I have also read this thread:
http://lists.laptop.org/pipermail/devel/2006-August/001232.html

1. As I understand the Geode can only schedule 1 ops/clock even if it 
has 2 execution units. Is it correct?

2. Does the IU (Integer Unit) perform integer MUL/DIV?

3. Is the IU pipelined? So the clock numbers are latencies or absolute 
times?

4. Is the FPU pipelined? So the clock numbers are latencies or absolute 
times?

5. There is the following text in page 656:
"The CPU is functionally divided into the Floating Point Unit (FPU) unit 
and the Integer Unit. The FPU has been extended to
process MMX, AMD 3DNow!, and floating point instructions in parallel 
with the Integer Unit.
When the Integer Unit detects an MMX instruction, the instruction is 
passed to the FPU or execution. The Integer Unit continues
to execute instructions while the FPU executes the MMX instruction. If 
another MMX instruction is encountered, the
second MMX instruction is placed in the MMX queue. Up to six MMX 
instructions can be queued.
When the Integer Unit detects a floating point instruction without 
memory operands, after two clock cycles the instruction
passes to the FPU for execution. The Integer Unit continues to execute 
instructions while the FPU executes the floating
point instruction. If another FPU instruction is encountered, the second 
FPU instruction is placed in the FPU queue. Up to
four FPU instructions can be queued. In the event of an FPU exception, 
while other FPU instructions are queued, the state
of the CPU is saved to ensure recovery."

What is this 2 clock cycle stall? Is it the time while the op passes 
though unused stages? What about 3DNow instructions?

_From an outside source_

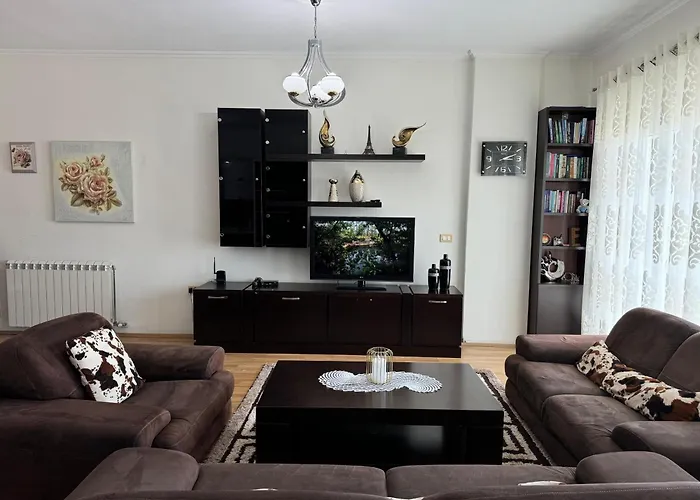 Spacious & Cozy Family Near Sanatorium Тирана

6. PFRCP has a note 1 -> "1) These instructions must wait for the FPU 
pipeline to flush. Cycle count depends on what instructions are in the 
pipeline."
PFRCPV does not have this same note. Is it a bug? PFRCPIT1 has but 
PFRSQRT does not have it. What is the reason? Or does it depend on 
whether the op is implemented via microcode?

7. What do Way0, Way1, Way2, or Way3 mean on page 617?
"3) Any needed memory operands are in the cache in the last accessed way 
(i.e., Way0, Way1, Way2, or Way3). Add two clocks if not in last 
accessed way."

8. On page 617:
"8) For non-cached memory accesses, add several clocks. Cache miss 
accesses are approximately an additional 25 clocks, the exact number 
depends upon the cycle/operation running."
Does it mean that a cache miss stalls the execution unit for ~25 clocks? 
Is it main RAM? If so how many clocks does it take reading from L1 and 
how many from L2? In this case will it stall the load/store unit or can 
the not stalled execution unit access memory?

9. Do you have some hard numbers of sequential/random 8byte read/write 
speed on the OLPC machine? (So with the exact RAM and LX 800 processor 
which is used in the OLPC machine.) MOVNTQ sequential speed?

10. If MASKMOVQ skips some bytes does it mean that it will not read 
those skipped bytes from RAM? Or will it have the same speed as MOVNTQ?

11. It is referring to the FPU or just the FP ops (FMUL/FSIN)?
http://mailman.laptop.org/pipermail/devel/2006-August/001323.html
"This is correct. Two FP instructions cannot be issued on subsequent 
cycles."

"The Geode pipeline is very simple. We're not superscalar in any way, 
shape or form." <- That is why I asked 4 and 5...

Note that I do not have an OLPC machine and will not ask for one before 
I have some working code. But I need this info for running the inner 
loops on the paper processor...

Thanks in advance!